An exact copy is required of every line from the one with "Epic Maletín Discovery" through the end of the data below, and the pictures must stay out of it.
### RECORDS TO USE
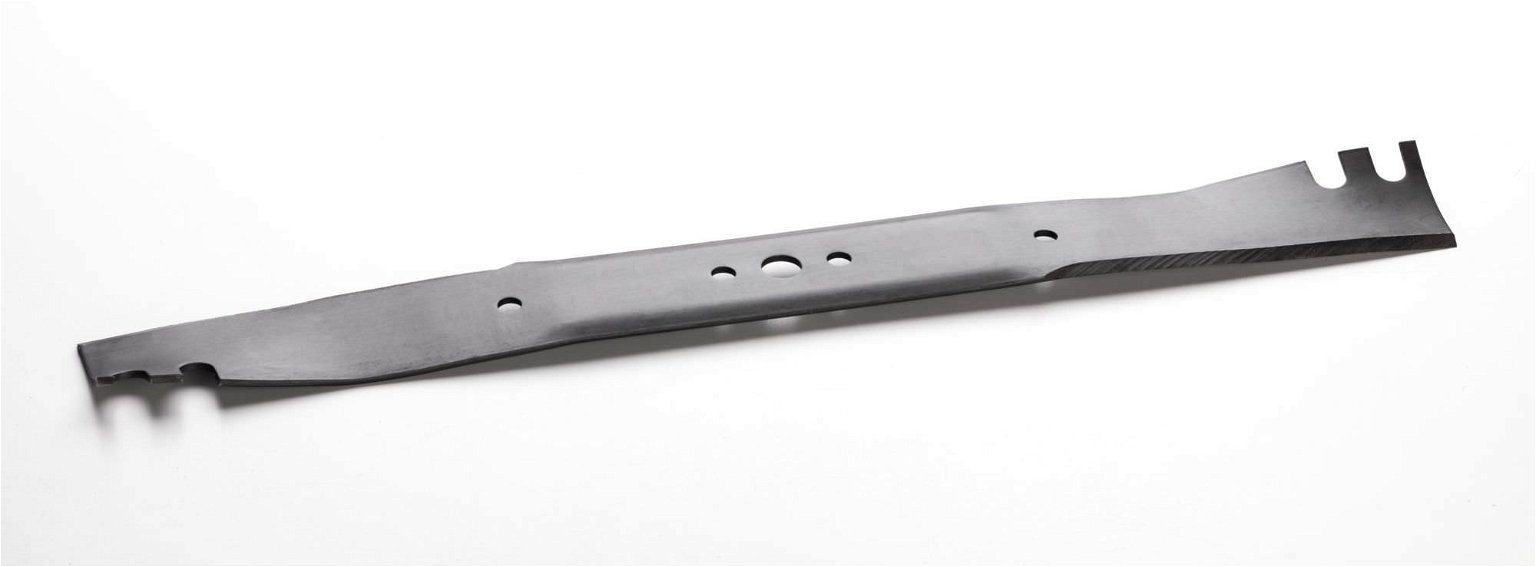 Vejapjovės peilis UNIVERSAL MBO027, 56 cm - 1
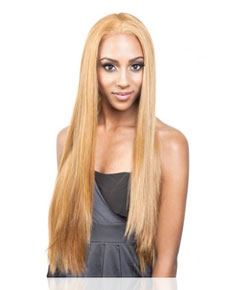 Red Carpet Premiere Lace Front Wig Syn Miami Girl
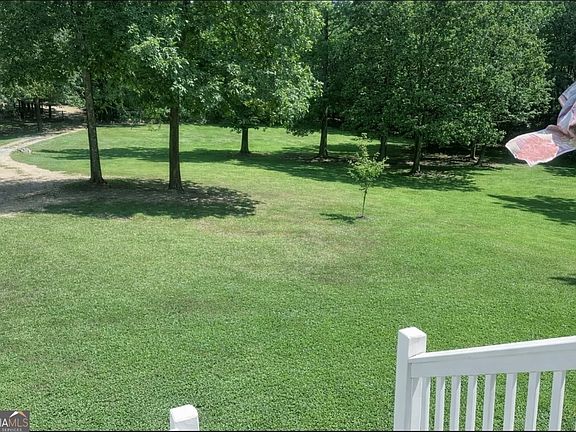 4th image of 506 Doyle Rd SE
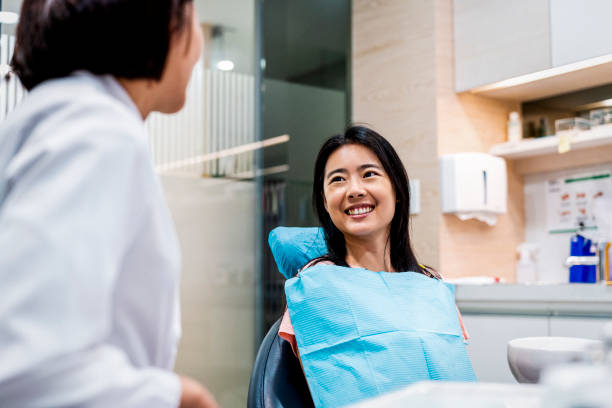  Lake Panasoffkee, FL Holistic Dental Services Pros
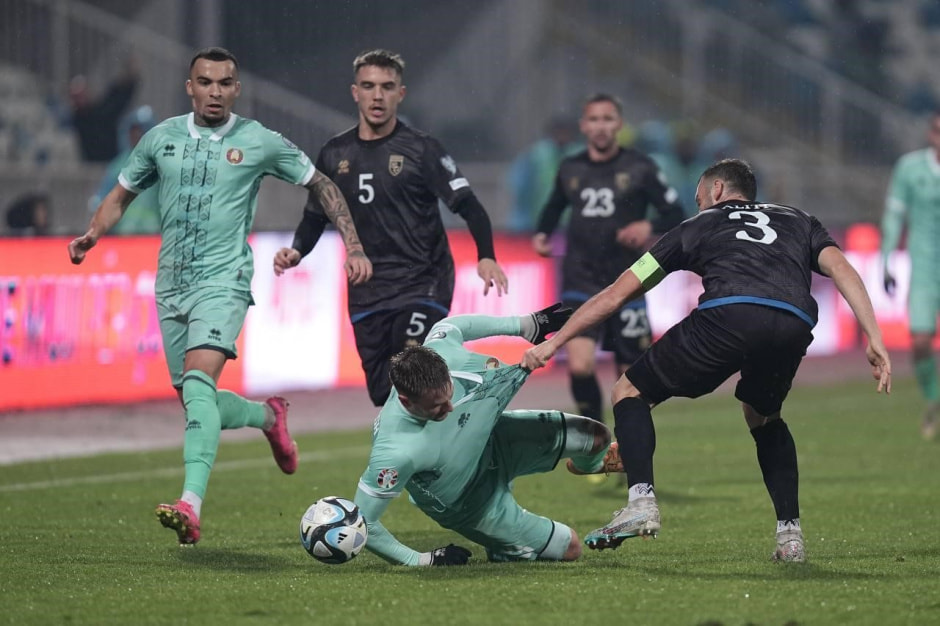 Сборная Беларуси по футболу ЕВРО-2024 1.jpg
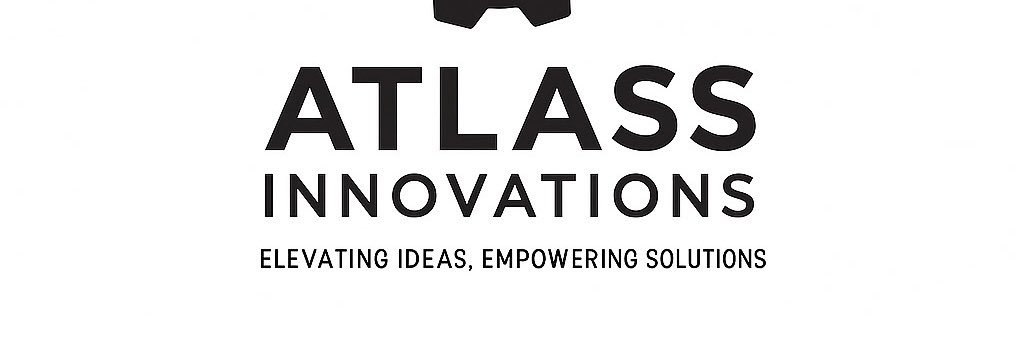 AtlasInovations's profile banner image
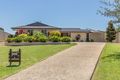 Property photo of 6 Staffa Close Merrimac QLD 4226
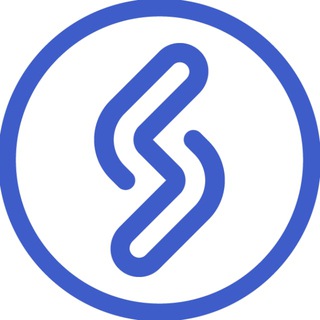 Telegram group profile photo for SatoshiSwap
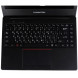 Ноутбук Гравитон Н14И-ТП 227799 (14&amp;quot;, IPS, Intel Core i5 - 1135G7, 4 ядра, 16 ГБ DDR4, SSD 512 ГБ, Iris Xe Graphics, Без ОС), чёрный в Великом Новгороде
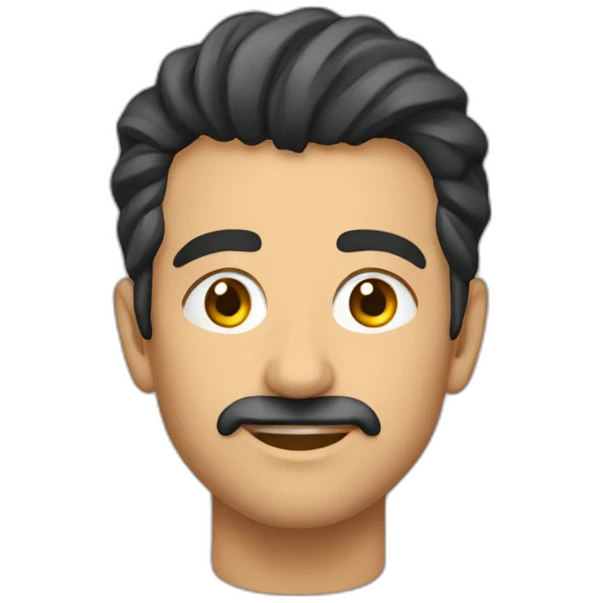 arda arıcan emoji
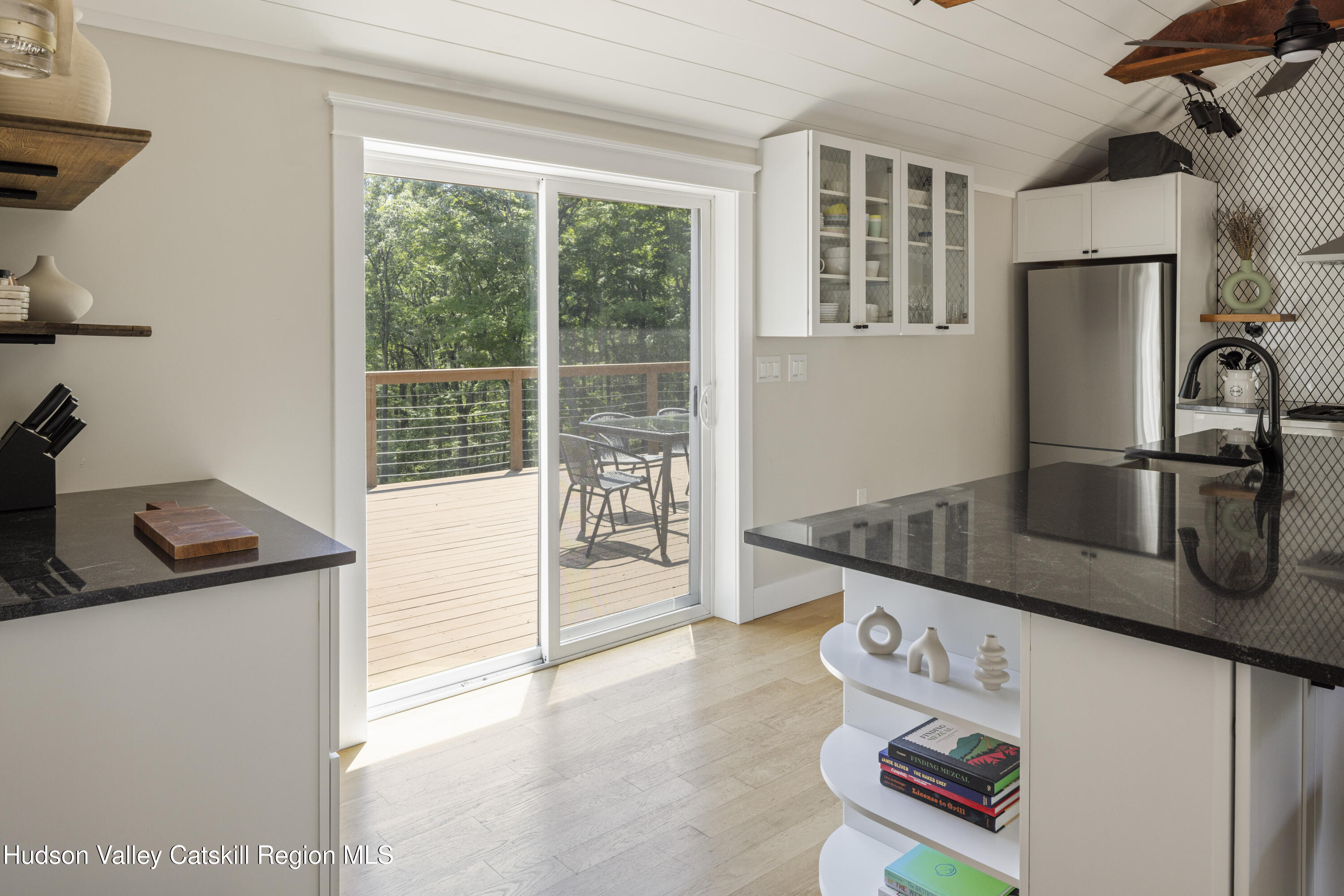 130 Bogart Road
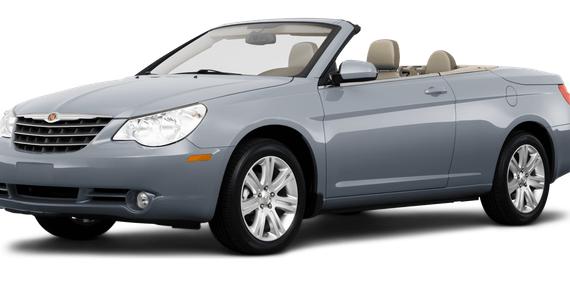 CHRYSLER SEBRING 2010 1C3BC5ED5AN142734 image CHRYSLER SEBRING 2010 1C3BC5ED5AN142734 image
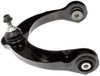 CB96037 Suspension Control Arm and Ball Joint Assembly; Dodge/Jeep - image 4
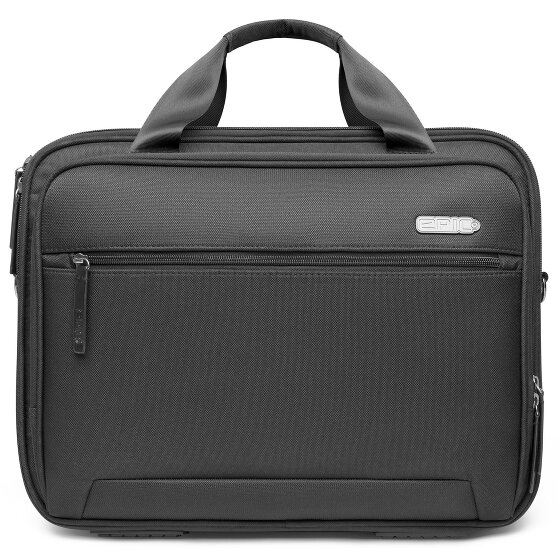 Epic Maletín Discovery Neo Compartimento para portátil de 41 cm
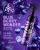 swag-blueberry-wonder-90s-150ml-dlugotrwaly-owocowy-aromat.webp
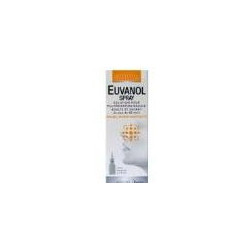 Euvanol Spray Nasal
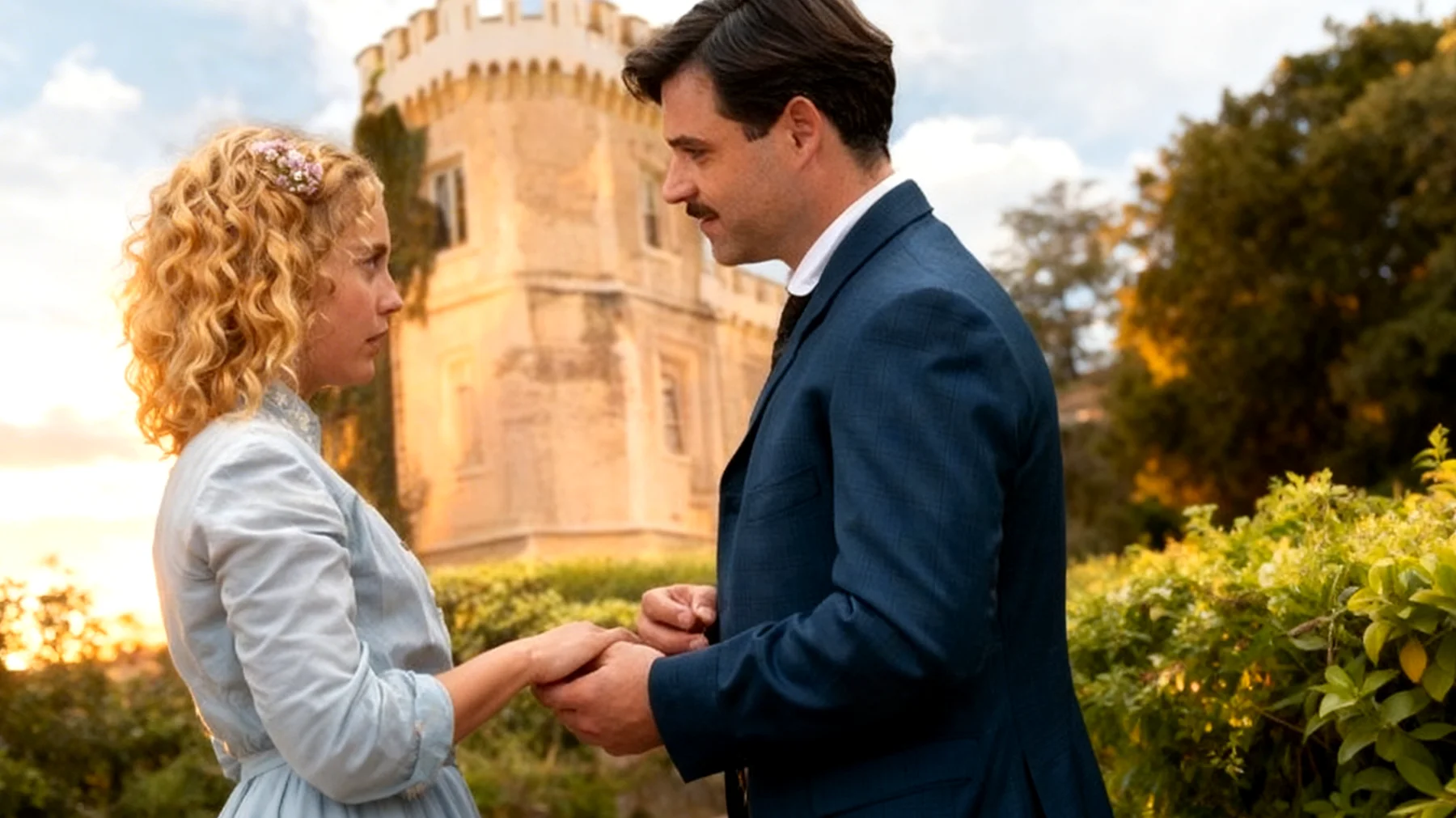 La Promessa 2026-03-15T08:33:39.558Z"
######
**SOLUTION FOR THIS EXERCISE**.
 Epic Maletín Discovery Neo Compartimento para portátil de 41 cm
 swag-blueberry-wonder-90s-150ml-dlugotrwaly-owocowy-aromat.webp
 Euvanol Spray Nasal
 La Promessa 2026-03-15T08:33:39.558Z"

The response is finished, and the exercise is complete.